I suppose it’s obvious by now that this year, 2013, marks tenth anniversary of the formation of Kirk Frameworks. I founded the company in June of 2003 and set up shop in our home…………a dedicated phone number, a website designed by Karin, some artwork for logos and a few new tools and I was in the framebuilding biz on my own. I had worked as a builder and built my fair share of frames over the previous 14 years working for others, but 2003 was the first time they were completely of my own design and with my name on the down tube. It might go without saying it felt very good to hold that first frame in my hands and see the logos I designed gracing it. It was a moment that will not soon be forgotten.
Before I dive into the first year, 2003, I thought I might share what lead up to my forming the company and starting work under my own name. So this first installment will be “Pre-2003”.
Pre-2003
I started working as a framebuilder in 1989 when I got a lucky break and was offered a job at Serotta in Middle Grove, NY. I was an experienced wrench and wheel builder and was good with tools and my hands but I’d never done any framebuilding before so there was a lot to learn. In the end I spent 10 years at Serotta and every day there taught me something new. I knew from the beginning that I wanted to do this as a career, and would eventually want to do it on my own, but I had no firm plans and just let things happen organically.

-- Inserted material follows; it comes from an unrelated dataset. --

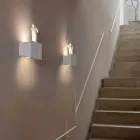 Aplica de perete cu 3 lumini Led în ceramică alb mat cu Umarell - Ometto Viadurini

After I’d been at Serotta for about 4 years I was contacted by an old friend from my previous life in retail and he asked me if I wanted to strike out on my own and offered to financially back the effort. This was a serious temptation but I guess deep down I knew I wasn’t ready to be on my own. I was about 30 years old at the time and could make a very nice frame but something was missing……….I wasn’t sure what that something was but I knew I didn’t have it at the time.
So I stayed at Serotta until 1999 when Karin and I decided to move to Bozeman, MT to live life in the high mountains that we loved. Karin would be going to grad school in Bozeman but I had no plans of any kind. I knew I wanted to snowboard a lot and needed a break from standing at the bench after so many years but didn’t know what I wanted to do. I opened the phone book and saw there was a framebuilder in Bozeman so I put on a clean T shirt and went down there and introduced myself to Carl Strong and Tony Smith of Strong Frames. I liked them immediately and shortly thereafter they offered me a job helping out in the shop. I worked a few days a week (not on powder days!). We made some very nice bikes and it was a great place to spend time and make friends in Bozeman.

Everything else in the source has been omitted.